Dynamic Facial Asset and Rig Generation from a Single Scan

ACM SIGGRAPH Asia 2020

Jiaman Li^1,2 Zhengfei Kuang^1,2 Yajie Zhao¹ Mingming He¹ Karl Bladin¹ Hao Li^1,2,3

University of Southern California¹ USC Institute for Creative Technologies² Pinscreen³

Introduction

High-quality and personalized digital humans are relevant to a wide range of applications, such as film and game production (e.g. Unreal Engine, Digital Doug), and virtual reality [Fyffe et al. 2014; Lombardi et al. 2018; Wei et al. 2019]. To produce high-fidelity digital doubles, complex capture equipment is often needed in conventional computer graphics pipelines, and the acquired data typically undergoes intensive manual post-processing by a production team. New approaches based on deep learning-based synthesis are promising as they show how photorealistic faces can be generated from captured data directly [Lombardi et al. 2018; Wei et al. 2019] allowing one to overcome the notorious Uncanny Valley. In addition to their intensive GPU compute requirements and the need for large volumes of training data, these deep learning-based methods are still difficult to integrate seamlessly into virtual CG environments as they lack relighting capabilities and fine rendering controls, which prevents them from being adopted for games and film production.
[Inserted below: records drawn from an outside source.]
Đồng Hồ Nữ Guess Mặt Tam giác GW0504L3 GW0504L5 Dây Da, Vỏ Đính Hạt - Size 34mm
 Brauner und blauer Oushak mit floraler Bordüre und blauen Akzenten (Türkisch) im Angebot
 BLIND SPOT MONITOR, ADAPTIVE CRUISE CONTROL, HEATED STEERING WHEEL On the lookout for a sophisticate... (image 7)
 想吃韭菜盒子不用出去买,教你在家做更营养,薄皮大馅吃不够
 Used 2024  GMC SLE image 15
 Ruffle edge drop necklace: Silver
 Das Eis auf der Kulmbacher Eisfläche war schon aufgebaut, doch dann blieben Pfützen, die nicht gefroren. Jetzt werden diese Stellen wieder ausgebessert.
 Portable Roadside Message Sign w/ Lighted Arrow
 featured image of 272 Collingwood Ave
On the other hand, realistic digital doubles in conventional graphics pipelines require months of production and involve large teams of highly skilled digital artists as well as sophisticated scanning techniques [Ghosh et al. 2011]. Building facial assets of a virtual character typically requires a number of facial expression models often based on the Facial Action Coding System (FACS), as well as physically-based texture assets (e.g., albedo, specular maps, displacement maps) to ensure realistic facial skin reflectance in a virtual environment.

Given a single neutral scan (a), we generate a complete set of dynamic face model assets, including personalized blendshapes and physically-based dynamic facial skin textures of the input subjects (b). The results carry high-fidelity details which we render in Arnold [Maya 2019] (c). Our generated facial assets are animation-ready as shown in (d).

System Overview

Our system takes a single scanned neutral geometry with an albedo map as input and generates a set of face rig assets and texture attributes for physically based production-level rendering. We developed a cascaded framework, in which we first estimate a set of personalized blendshape geometries of the input subject using a Blendshape Generation network, followed by a Texture Generation network to infer a set of dynamic maps including albedo maps, specular intensity maps, and displacement maps. In the final step, we combine the obtained secondary facial components (i.e. teeth, gums, and eye assets) from a set of template shapes, to assemble the final face model.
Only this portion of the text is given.